For now here is the install script I wrote for this:

## Installation script
# to install do: bash ~/automl-meta-learning/install.sh

#conda update conda

#conda create -y -n metalearning_gpu python=3.9
#conda activate metalearning_gpu
#conda remove --name metalearning_gpu --all

module load cuda-toolkit/11.1
module load gcc/9.2.0

# A40, needs cuda at least 11.0
#conda install -y pytorch==1.7.1 torchvision==0.8.2 torchaudio==0.7.2 cudatoolkit=11.0 -c pytorch -c nvidia
#conda install -y pytorch==1.9 torchvision torchaudio cudatoolkit=11.0 -c pytorch -c nvidia
#conda install -y pytorch==1.9 torchvision cudatoolkit=11.0 -c pytorch -c nvidia
#conda install -y pytorch torchvision cudatoolkit=11.0 -c pytorch -c nvidia

conda activate metalearning_gpu
conda install pytorch torchvision torchaudio cudatoolkit=11.1 -c pytorch -c nvidia
pip3 install torch==1.9.0+cu111 torchvision==0.10.0+cu111 torchaudio==0.9.0 -f https://download.pytorch.org/whl/torch_stable.html
#pip3 install torch==1.9.0+cu110 torchvision==0.10.0+cu110 torchaudio==0.9.0 -f https://download.pytorch.org/whl/torch_stable.html

#conda activate metalearning_cpu
#conda install pytorch torchvision torchaudio cpuonly -c pytorch
#pip3 install torch==1.9.0+cpu torchvision==0.10.0+cpu torchaudio==0.9.0 -f https://download.pytorch.org/whl/torch_stable.html

# uutils installs
conda install -y dill
conda install -y networkx>=2.5
conda install -y scipy
conda install -y scikit-learn
conda install -y lark-parser -c conda-forge

# due to compatibility with torch=1.7.x, https://stackoverflow.com/questions/65575871/torchtext-importerror-in-colab
#conda install -y torchtext==0.8.0 -c pytorch

conda install -y tensorboard
conda install -y pandas
conda install -y progressbar2
conda install -y transformers
conda install -y requests
conda install -y aiohttp
conda install -y numpy
conda install -y plotly
conda install -y matplotlib

pip install wandb

# for automl
conda install -y pyyml
conda install -y torchviz
#conda install -y graphviz

#pip install tensorflow
#pip install learn2learn

#pip install -U git+https://github.com/brando90/pytorch-meta.git
#pip install --no-deps torchmeta==1.6.1
pip install --no-deps torchmeta==1.7.0
#        'torch>=1.4.0,<1.9.0',
#        'torchvision>=0.5.0,<0.10.0',
#pip install -y numpy
pip install Pillow
pip install h5py
#pip install requests
pip install ordered-set

pip install higher
#    'torch'

#pip install -U git+https://github.com/moskomule/anatome
pip install --no-deps -U git+https://github.com/moskomule/anatome
#    'torch>=1.9.0',
#    'torchvision>=0.10.0',
pip install tqdm

# - using conda develop rather than pip because uutils installs incompatible versions with the vision cluster
## python -c "import sys; [print(p) for p in sys.path]"
conda install conda-build
conda develop ~/ultimate-utils/ultimate-utils-proj-src
conda develop ~/automl-meta-learning/automl-proj-src

# -- extra notes

# local editable installs
# HAL installs, make sure to clone from wmlce 1.7.0 that has h5py ~= 2.9.0 and torch 1.3.1 and torchvision 0.4.2
# pip install torchmeta==1.3.1
tristandeleu commented 2 years ago

FYI I released a new version of Torchmeta (1.8.0) that is compatible with PyTorch 1.9.

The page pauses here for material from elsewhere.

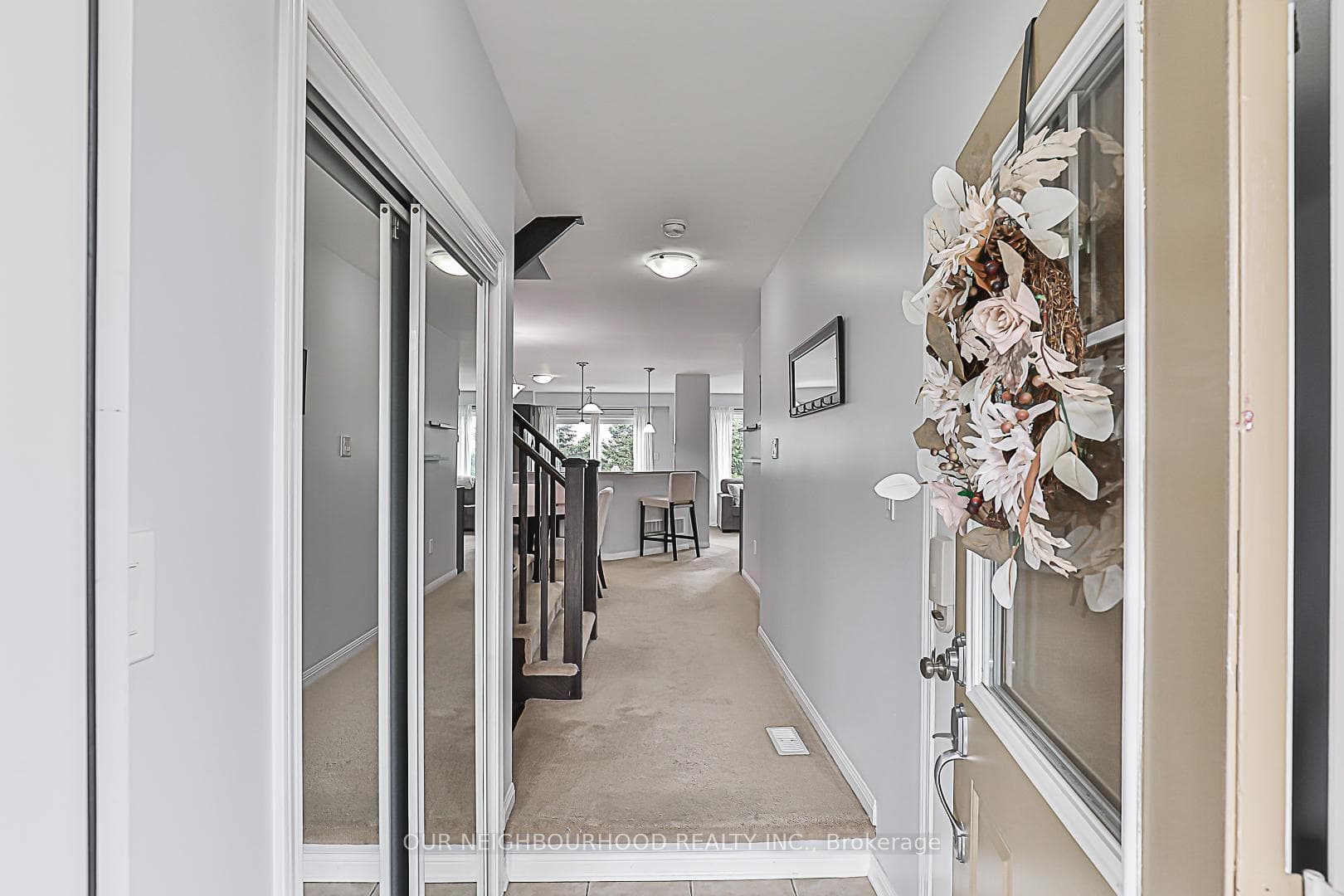 1882 Liatris Drive photo 4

Case in point about being conservative: a couple of things broke with PyTorch 1.9 and needed an update in Torchmeta, specifically ConvNd and MultiheadAttention.

brando90 commented 2 years ago

FYI I released a new version of Torchmeta (1.8.0) that is compatible with PyTorch 1.9.

Case in point about being conservative: a couple of things broke with PyTorch 1.9 and needed an update in Torchmeta, specifically ConvNd and MultiheadAttention.

Thanks Trist!

Btw, did you install stuff with conda or pip? (to save me time cuz installs in my hpc take ages)

tristandeleu commented 2 years ago

Btw, did you install stuff with conda or pip? (to save me time cuz installs in my hpc take ages)

I'm generally using pip, even on my conda environment on a remote server.

tristandeleu commented 2 years ago

I'm closing this issue since the newest version of Torchmeta (1.8.0) works with PyTorch 1.9.